Damn. Sometimes Dean swore that Rubens could read minds. “No, sir. I didn’t say it was.” Not out loud, at any rate.

“Espionage aside,” Rubens continued, “it’s the President’s assumption that the Russians have a perfect right to drill for oil up here. That’s not the issue. They do not have the right to hold American citizens hostage, to take over American science stations, or to claim half of the Arctic Ocean as their own personal backyard.”

“I understand, sir.”

“And they especially don’t have the right to kill or capture my people.”

That, of course, was the telling point-especially to a former Marine. Presidents and politicians might take their countries into war for the most selfish, shortsighted, vainglorious, or otherwise idiotic of reasons… but the men on the front lines didn’t fight for political causes. Not really. They fought for their buddies, the other grunts in the trenches with them. That had most likely been a basic principle of war even before Narmer united Egypt.

“If Braslov’s up here, I’ll find him,” Dean said.

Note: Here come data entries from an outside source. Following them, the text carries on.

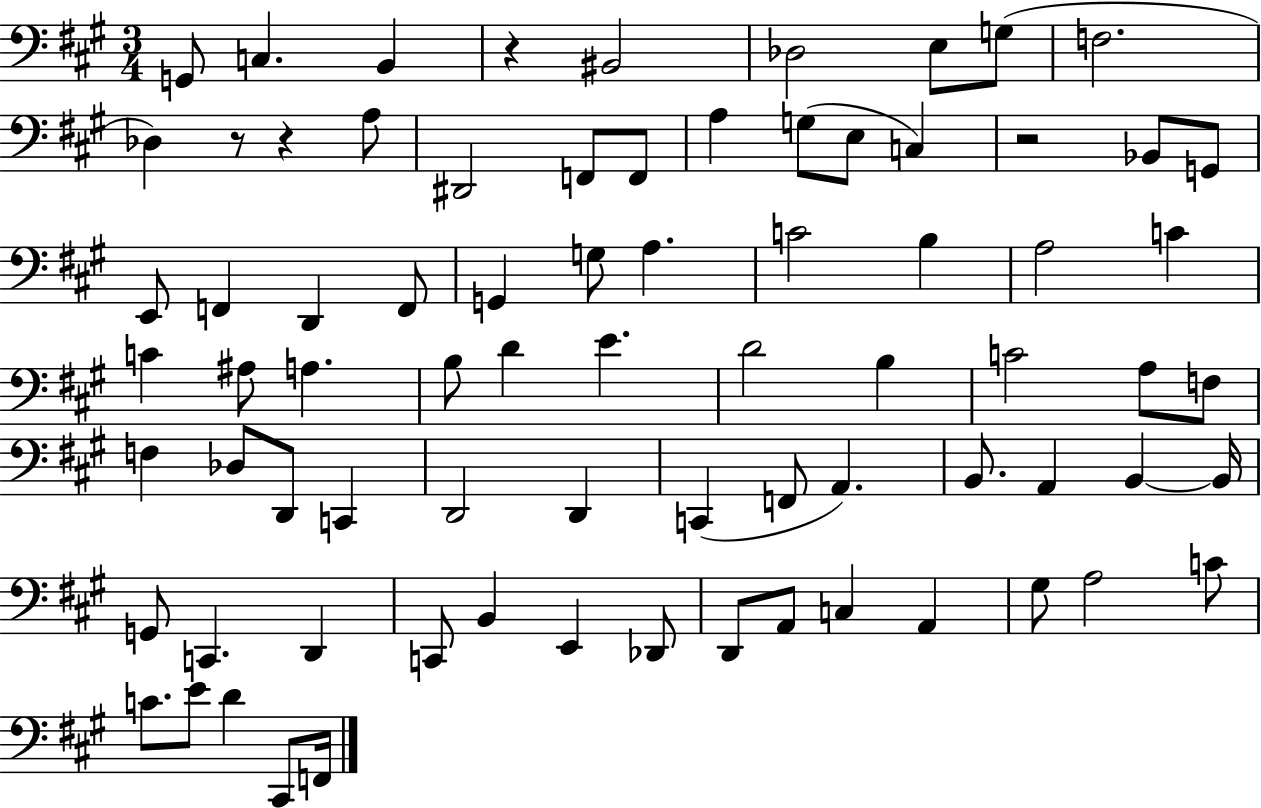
X:1
T:Untitled
M:3/4
L:1/4
K:A
G,,/2 C, B,, z ^B,,2 _D,2 E,/2 G,/2 F,2 _D, z/2 z A,/2 ^D,,2 F,,/2 F,,/2 A, G,/2 E,/2 C, z2 _B,,/2 G,,/2 E,,/2 F,, D,, F,,/2 G,, G,/2 A, C2 B, A,2 C C ^A,/2 A, B,/2 D E D2 B, C2 A,/2 F,/2 F, _D,/2 D,,/2 C,, D,,2 D,, C,, F,,/2 A,, B,,/2 A,, B,, B,,/4 G,,/2 C,, D,, C,,/2 B,, E,, _D,,/2 D,,/2 A,,/2 C, A,, ^G,/2 A,2 C/2 C/2 E/2 D ^C,,/2 F,,/4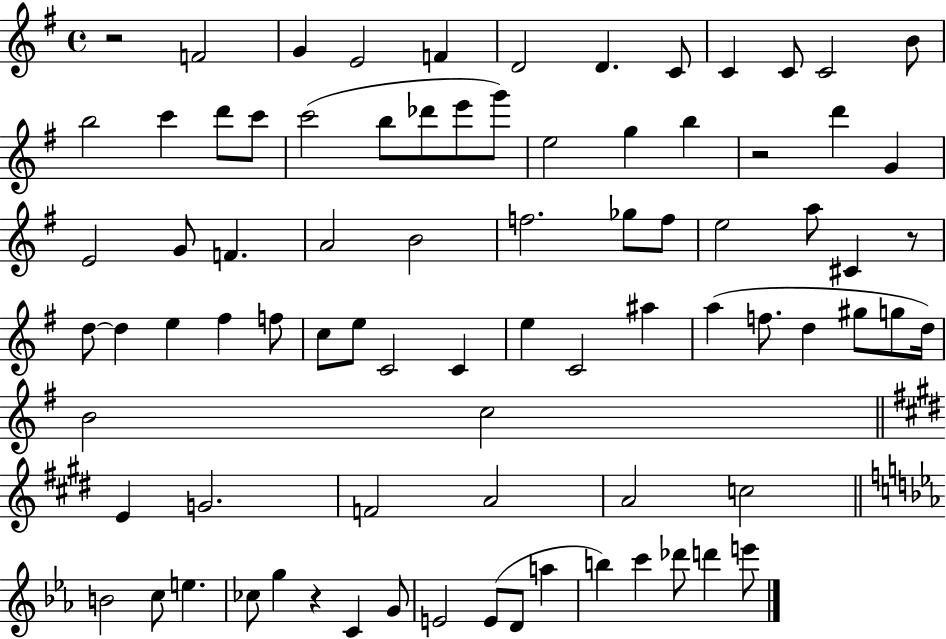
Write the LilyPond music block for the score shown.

{
  \clef treble
  \time 4/4
  \defaultTimeSignature
  \key g \major
  \repeat volta 2 { r2 f'2 | g'4 e'2 f'4 | d'2 d'4. c'8 | c'4 c'8 c'2 b'8 | \break b''2 c'''4 d'''8 c'''8 | c'''2( b''8 des'''8 e'''8 g'''8) | e''2 g''4 b''4 | r2 d'''4 g'4 | \break e'2 g'8 f'4. | a'2 b'2 | f''2. ges''8 f''8 | e''2 a''8 cis'4 r8 | \break d''8~~ d''4 e''4 fis''4 f''8 | c''8 e''8 c'2 c'4 | e''4 c'2 ais''4 | a''4( f''8. d''4 gis''8 g''8 d''16) | \break b'2 c''2 | \bar "||" \break \key e \major e'4 g'2. | f'2 a'2 | a'2 c''2 | \bar "||" \break \key ees \major b'2 c''8 e''4. | ces''8 g''4 r4 c'4 g'8 | e'2 e'8( d'8 a''4 | b''4) c'''4 des'''8 d'''4 e'''8 | \break } \bar "|."
}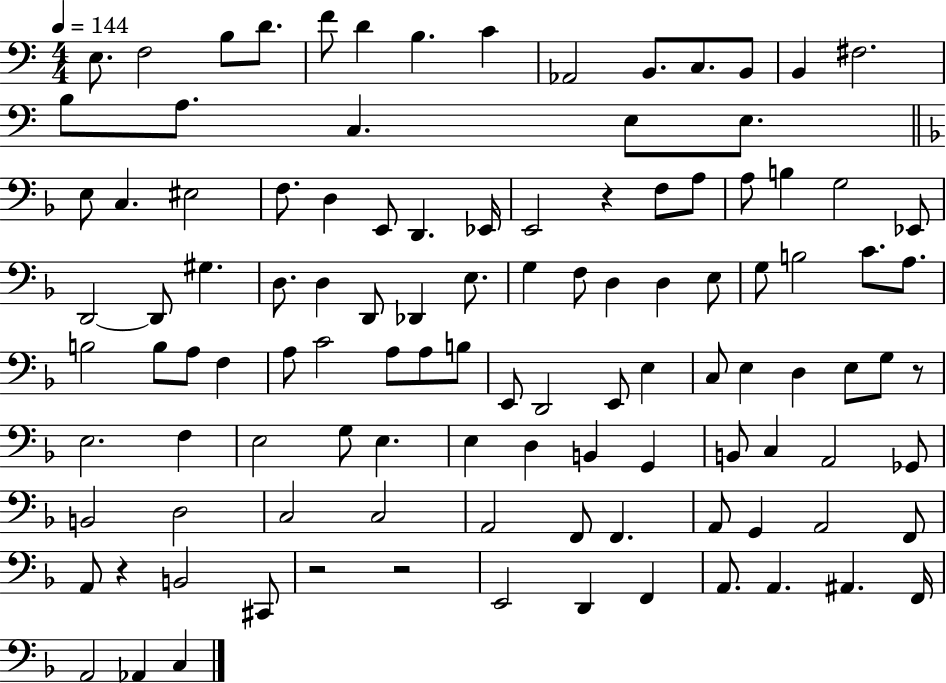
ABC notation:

X:1
T:Untitled
M:4/4
L:1/4
K:C
E,/2 F,2 B,/2 D/2 F/2 D B, C _A,,2 B,,/2 C,/2 B,,/2 B,, ^F,2 B,/2 A,/2 C, E,/2 E,/2 E,/2 C, ^E,2 F,/2 D, E,,/2 D,, _E,,/4 E,,2 z F,/2 A,/2 A,/2 B, G,2 _E,,/2 D,,2 D,,/2 ^G, D,/2 D, D,,/2 _D,, E,/2 G, F,/2 D, D, E,/2 G,/2 B,2 C/2 A,/2 B,2 B,/2 A,/2 F, A,/2 C2 A,/2 A,/2 B,/2 E,,/2 D,,2 E,,/2 E, C,/2 E, D, E,/2 G,/2 z/2 E,2 F, E,2 G,/2 E, E, D, B,, G,, B,,/2 C, A,,2 _G,,/2 B,,2 D,2 C,2 C,2 A,,2 F,,/2 F,, A,,/2 G,, A,,2 F,,/2 A,,/2 z B,,2 ^C,,/2 z2 z2 E,,2 D,, F,, A,,/2 A,, ^A,, F,,/4 A,,2 _A,, C,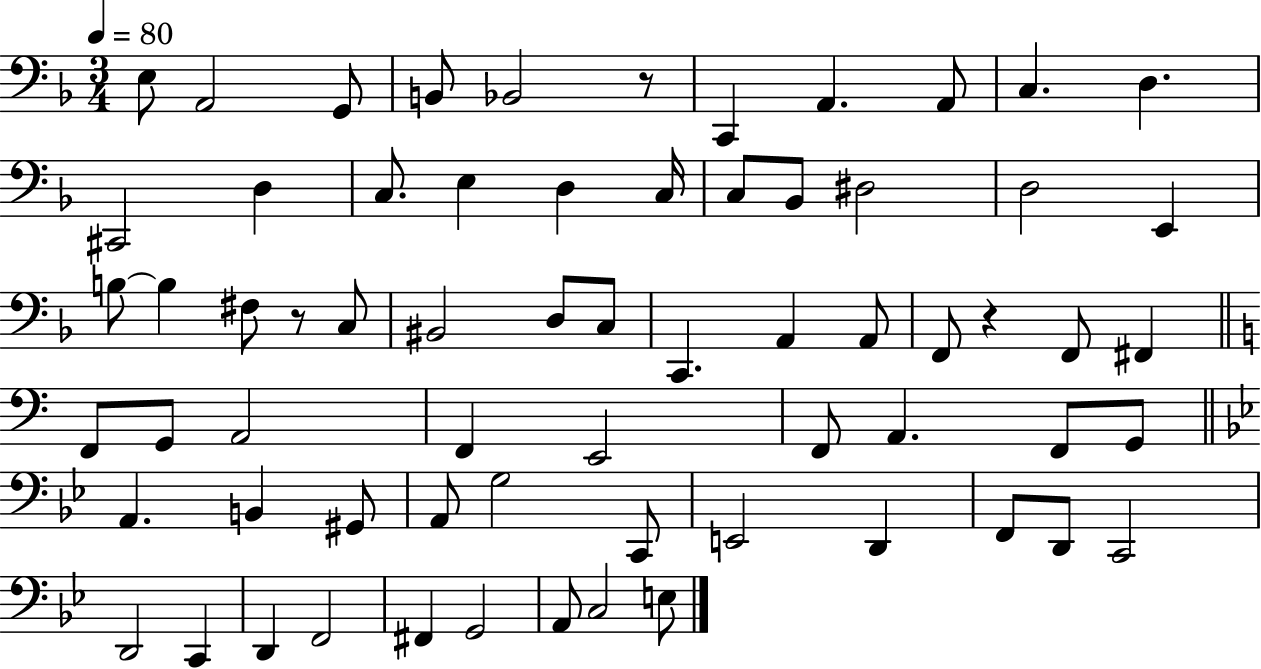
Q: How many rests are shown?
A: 3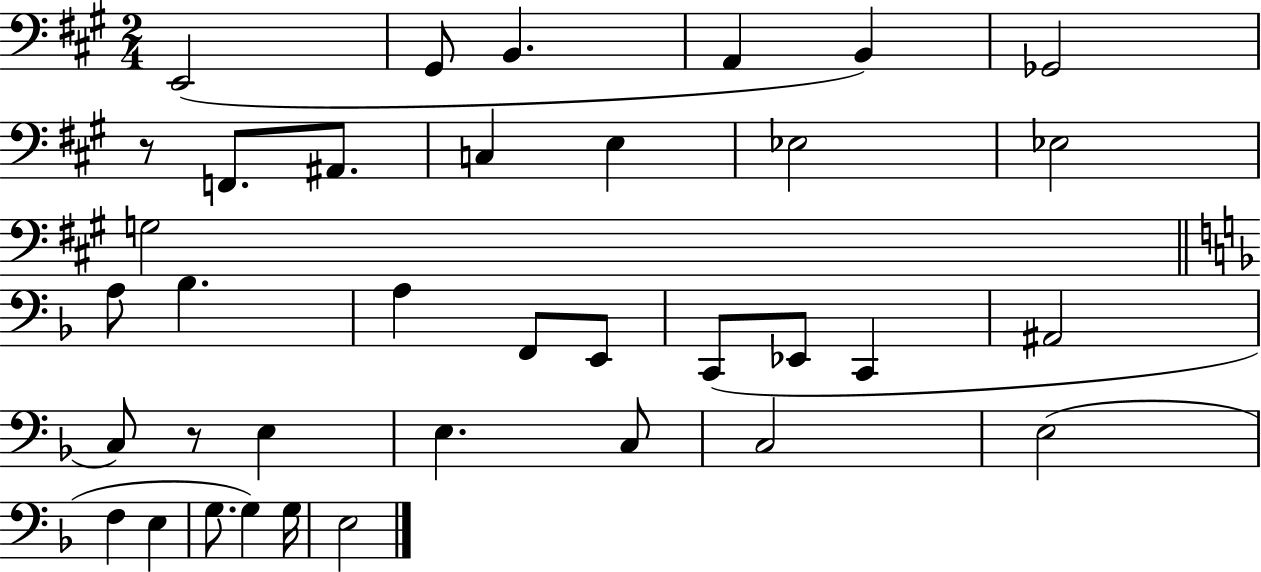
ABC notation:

X:1
T:Untitled
M:2/4
L:1/4
K:A
E,,2 ^G,,/2 B,, A,, B,, _G,,2 z/2 F,,/2 ^A,,/2 C, E, _E,2 _E,2 G,2 A,/2 _B, A, F,,/2 E,,/2 C,,/2 _E,,/2 C,, ^A,,2 C,/2 z/2 E, E, C,/2 C,2 E,2 F, E, G,/2 G, G,/4 E,2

“Good. Alive. I’ll also want you to keep an eye on the people the SEALs rescue, make sure they all get out okay. Two of them are intelligence operatives, remember-Yeats and McMillan-and McMillan is one of ours.”

“Yes, sir.”

“According to the diplomatic communiqué, two of the hostages are injured, one of them seriously.”

“Jesus. What happened?”

“No details yet, but the Russians reportedly have both of them in the hospital facility on board one of the ships. They also have a body.”

“Of who?”

“According to the Russians, the dead guy is Kenneth Richardson. He was the leader of the Greenpeace film crew at the NOAA ice station. They say the NOAA CO shot him twice, and that another Greenpeace guy smacked the CO in the face with an iron bar.”

“That’s the badly injured man?”

“Commander Larson, yes.”

“And the guy who hit him?”

Rubens’ mouth twitched in an almost smile. “Harry Benford.”

“Well, well, well. The possible spy.”

“Benford is the other man. Apparently, Larson shot him in the arm before Benford was able to hit Larson.”

“And if Benford was working for the Russians, maybe he set the whole thing up.”

“That is the belief of the analysts we have working on the intelligence developed by Miss DeFrancesca and Mr. Akulinin,” Rubens said. “The Russians were looking for an excuse to move in and grab the NOAA station. Quite possibly, they’d already realized that we were spying on their base from one of our met stations nearby. A murder is reported-a murder supposedly committed by the leader of the scientific expedition, no less-and the Russians, claiming that region as their legal jurisdiction anyway, move in. They probably hope to use the incident in support of their official claim to the Arctic basin.”